Bed Bug Infestations Reach Record Levels
One of the most feared and misunderstood pests known to man is the bed bug (Cimex lectularius). How many of us have dozed off to sleep at night as children with the words of our parents in our ears ‘sleep tight and don’t let the bed bugs bite’?
Bed bugs probably started to feed on man at about the time we moved into caves, the ‘bat bugs’ Cimex pilosellus and Cimex pipistrella primarily feed on bats and it is probable that bat feeding species of bug evolved to dine on human blood when our ancesters started dwelling in bat infested caves. You may want to check out topbedbugkillersofseattle.com for more.
Until the advent of DDT in the early 20th century bed bugs were common non-paying guests in most poor quality housing. The later part of the 20th century saw pest control companies dealing with very few bed bug infestations indeed, their presence being largely confined to cheap holiday camps and student accommodation etc.
Many people confuse dust mites, which are not visible to the naked eye, with bed bugs which certainly are. Adult bedbugs are reddish-brown, about a quarter of an inch in size and decidedly swollen after a feed of human blood.
They have an incomplete metamorphosis which means that the young are just smaller versions of the adult, they do not have a pupal stage like a flea or a fly. They typically feed on human blood every 7 – 10 days, coming out in the hours before dawn and sensing their prey by detecting the exhaled CO2 from respiration and when nearing in on their target, body heat.
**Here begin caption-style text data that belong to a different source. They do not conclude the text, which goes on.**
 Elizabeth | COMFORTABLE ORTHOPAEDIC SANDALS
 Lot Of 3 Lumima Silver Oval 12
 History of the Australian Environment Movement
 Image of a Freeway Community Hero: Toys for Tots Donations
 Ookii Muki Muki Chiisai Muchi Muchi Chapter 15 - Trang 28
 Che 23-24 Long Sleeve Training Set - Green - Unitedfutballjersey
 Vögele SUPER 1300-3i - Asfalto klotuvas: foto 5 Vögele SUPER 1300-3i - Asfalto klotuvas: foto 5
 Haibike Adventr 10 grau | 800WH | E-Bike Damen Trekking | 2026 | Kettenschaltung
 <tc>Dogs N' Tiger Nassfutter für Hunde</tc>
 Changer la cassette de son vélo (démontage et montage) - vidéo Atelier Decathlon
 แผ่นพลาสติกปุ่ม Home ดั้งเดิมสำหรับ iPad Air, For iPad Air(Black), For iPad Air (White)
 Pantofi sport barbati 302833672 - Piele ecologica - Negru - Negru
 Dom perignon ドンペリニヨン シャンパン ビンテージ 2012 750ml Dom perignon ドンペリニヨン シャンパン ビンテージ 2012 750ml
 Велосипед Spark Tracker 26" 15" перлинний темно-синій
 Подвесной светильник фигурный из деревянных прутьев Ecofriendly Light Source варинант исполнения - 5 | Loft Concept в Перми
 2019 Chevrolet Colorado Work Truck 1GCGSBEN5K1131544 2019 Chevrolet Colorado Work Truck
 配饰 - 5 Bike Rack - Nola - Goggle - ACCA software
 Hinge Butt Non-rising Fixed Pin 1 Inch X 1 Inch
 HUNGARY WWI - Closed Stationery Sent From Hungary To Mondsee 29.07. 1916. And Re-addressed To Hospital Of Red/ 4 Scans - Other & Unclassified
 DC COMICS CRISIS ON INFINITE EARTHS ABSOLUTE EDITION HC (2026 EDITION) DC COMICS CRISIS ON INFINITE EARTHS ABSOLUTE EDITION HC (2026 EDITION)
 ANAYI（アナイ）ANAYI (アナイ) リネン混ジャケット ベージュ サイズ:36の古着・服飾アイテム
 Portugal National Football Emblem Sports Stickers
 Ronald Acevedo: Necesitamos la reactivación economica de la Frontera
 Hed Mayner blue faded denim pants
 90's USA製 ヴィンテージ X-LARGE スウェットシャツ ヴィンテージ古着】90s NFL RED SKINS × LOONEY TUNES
In the absence of a convenient human to feed on they can lay dormant for periods of up to 18 months. Signs of a bed bug infestation are spots of blood on bedding and on the underside of mattresses and some people can react badly to their bites.The early 21st century has seen bed bug numbers explode across the globe, the cheap availability of global travel and economic migration have both been blamed for the resurgence. What is certain is that that are now making a major comeback not only in poor quality housing but high class hotels, schools and even hospitals. One London borough reported a doubling of bed bug infestations every single year from 1995 – 2001.
A single night away in an infested hotel is all it takes, they hitch a ride in your suitcases or bags. Pest control companies are also now reporting instances of transport related bug infestations on tubes, trains and buses so a simple journey to work on an infested tube or train can be enough to spread the infestation to your home.They are an expensive pest to eradicate as contrary to popular opinion they do not just live in beds. They infest any nook and cranny conveniently close to a sleeping human, beds, electrical sockets, televisions, bed-side telephones etc and eradication is both difficult and time consuming. They have even been found living under the toe-nails of infirm people and in the creases of flesh on grossly over-weight people.